I’m excited to get my copy of the next zines & things publication, Jen Shin’s Have You Received Previous Psychotherapy or Counseling?, which is available for pre-order now and launches on December 4th.
Have a zine recommendation? Send it my way!
Next week, on November 26th, one of my acrostic-telestic karaoke remix poems will be up on Cutbank’s All Accounts and Mixture. Check it out to find out how I remixed the classic 80s musical/new wave crossover, “One Night in Bangkok,” into a poem about that other classic crossover, race/gender.
 
In December, I’ll also have new poetry out in Juxtaprose Literary Magazine, and in early 2022, I’ll have some flash fiction in the next issue of Buckmxn Journal.
 
If you’re in the Portland area, I’ll also be celebrating Winter Solstice a few days early at the Lilla Lit reading on December 19th at Leach Botanical Garden. If you haven’t been to the garden, it’s worth checking out even when there aren’t literary happenings there. Admission is free, and it’s a great place to practice forest bathing, which I extolled the virtues of in my last newsletter.

As for upcoming classes, I’m powering down for the winter—not quite cutting the cord, but attempting to see if it’s possible to go a whole month without Zoom. I know what you’re thinking…
But I’ll never know unless I try. So I won’t be offering any online classes in December or January, but I’ll be back with new classes in February. (More on those in a future newsletter.) In the meantime, I’m still available for manuscript consultations and one-on-one coaching via the ancient technologies of phone, email, or sitting together in a coffee shop.
 


Other opportunities I recommend:
 
Hugo House in Seattle offers both in-person and online classes, and their scholarship applications for Winter 2022 writing classes are now open!
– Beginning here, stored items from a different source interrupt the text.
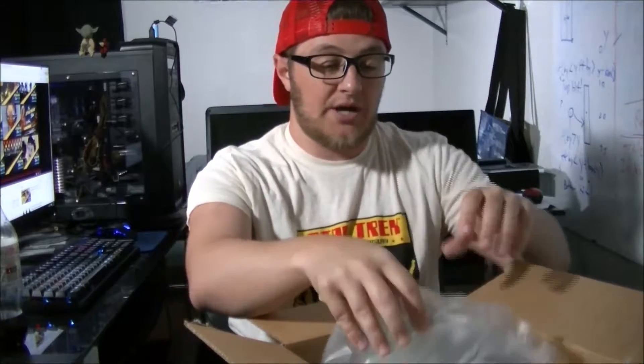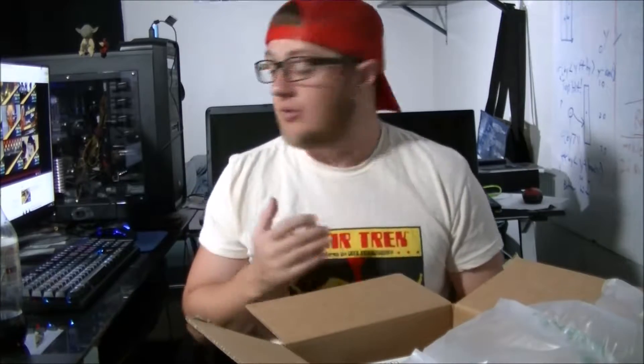Hey guys, so my new podcasting microphone just arrived from Amazon, so I'm pretty excited to do a little unboxing and review for you.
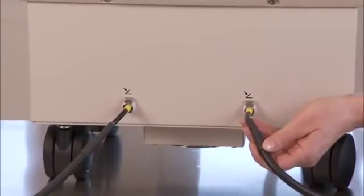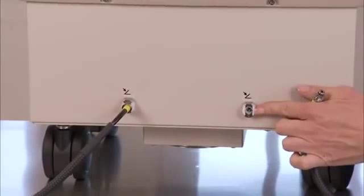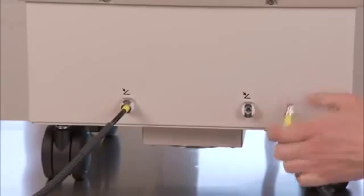Check to see if the foot switch is connected properly. Check to see if there are any foreign objects inside the connection for the foot switch.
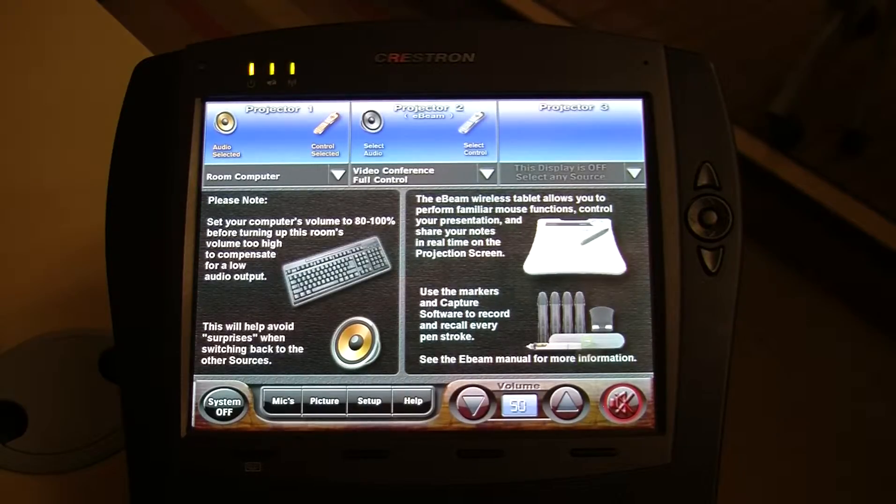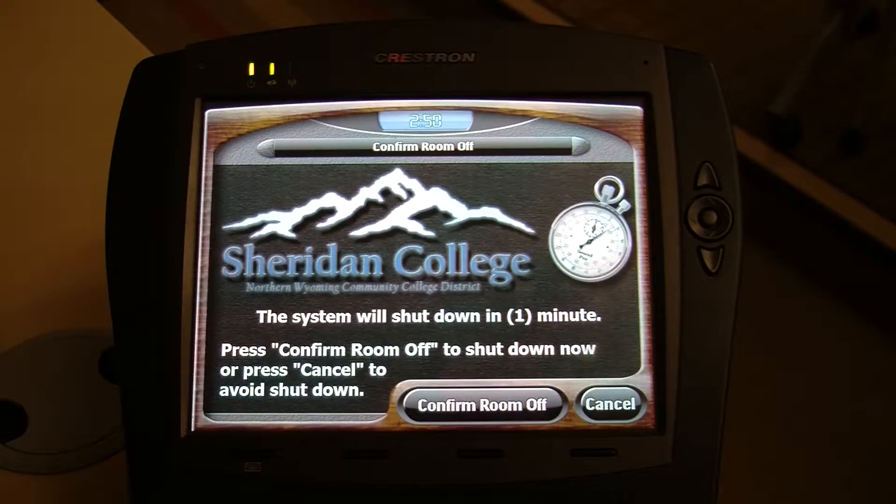In order to turn the system off, simply select the System Off button. From here, hit Confirm Room Off.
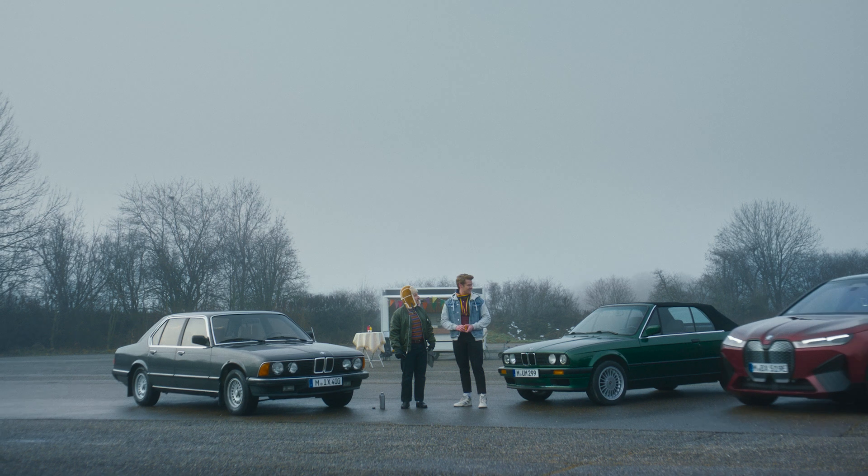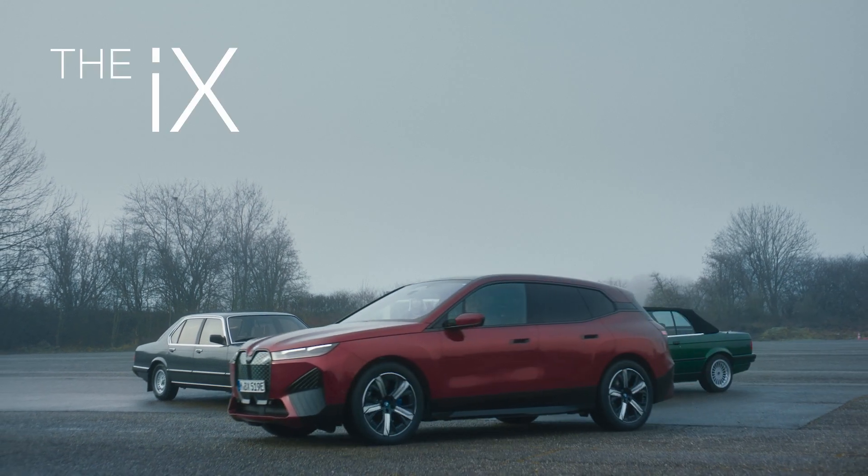So lightweight, man. The BMW iX — the ultimate electric driving machine.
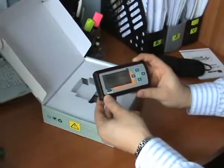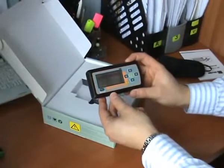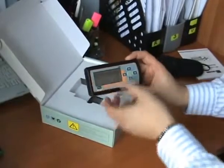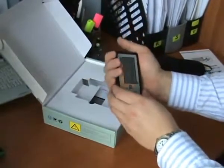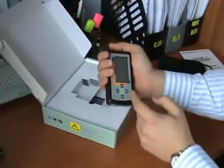Push this button and the ECG will start. In the top of the menu there are measurement options.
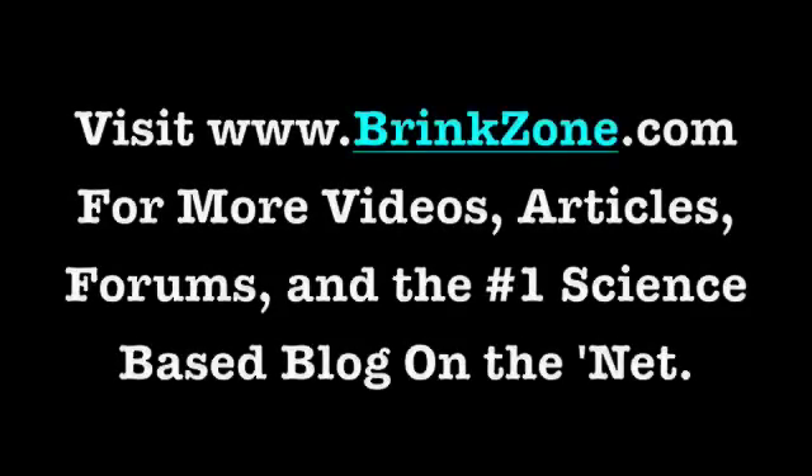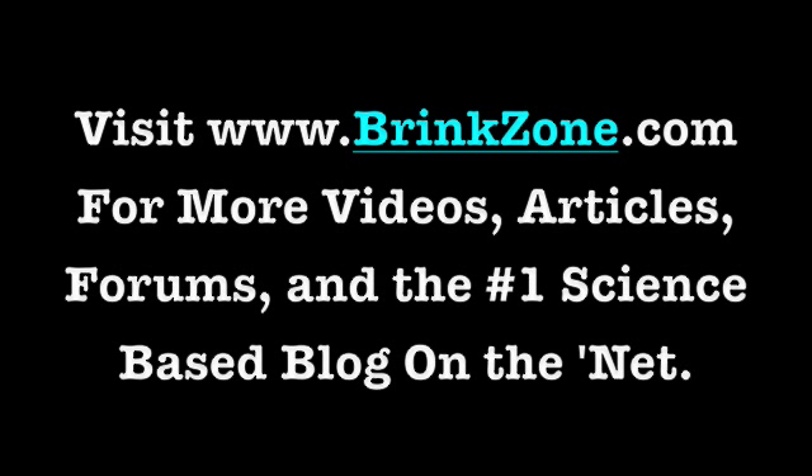I'll see you on the Brink Zone. For more information on creatine and other topics, head on over to www.brinkzone.com where you'll find my blog, more videos, free reports on fat loss, muscle building, supplementation, fitness, health, and longevity, as well as a ton of other articles and my free weekly newsletter. I'll see you guys at the Brink Zone.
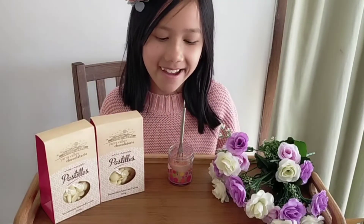Hello everybody, today I will be making a hot chocolate whisk and the flavor will be strawberry and cream.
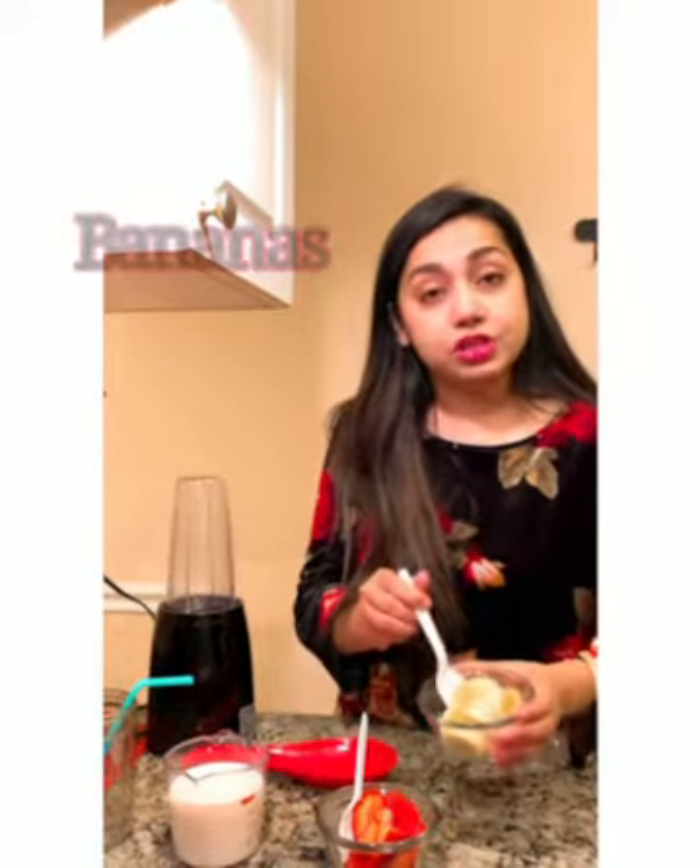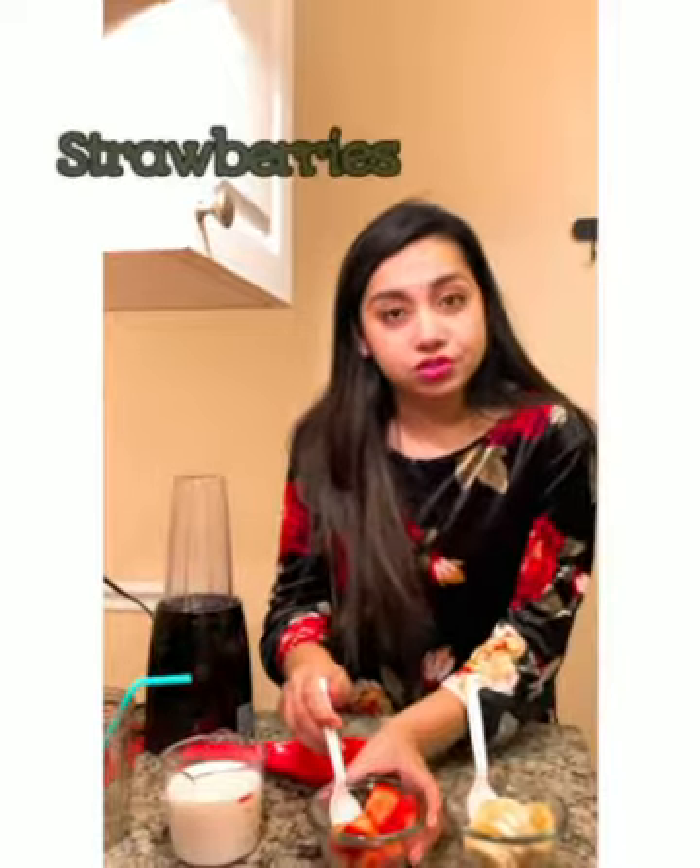So today we will be trying our simple recipe for a banana and strawberry milkshake. For that we would need some bananas, some fresh strawberries, and a cup of milk.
Scholarship applications are evaluated by a group that considers a combination of geographic location, historic exclusion by literary institutions, financial need, and previous writing class experience. They especially encourage applications from BIPOC, LGBTQ, and other underrepresented voices. Applicants are asked to select one class from the Hugo House catalog.  The application will close on December 6, 2021, and applicants will be informed about scholarship decisions on December 13th.
 
De-Canon is teaming up with Fonograf Editions to publish an anthology of hybrid-literary works by women and nonbinary BIPOC writers. The anthology will explore multimodal forms of writing that navigate the restless intersections of writing, visual art, and other media, and that innovate in their contemplations—and complications—of language and form. More information and submission guidelines are available here, and submissions are open through December 15, 2021.
 
The Seventh Wave is seeking creators to contribute to their next issue on Root Systems. The Seventh Wave offers digital residencies to their contributors, which include publication and three virtual gatherings, including a workshop and two sessions on craft, process, and practice. If you’re interested, you can read the call in full here, and apply via their Submittable page by December 31, 2021.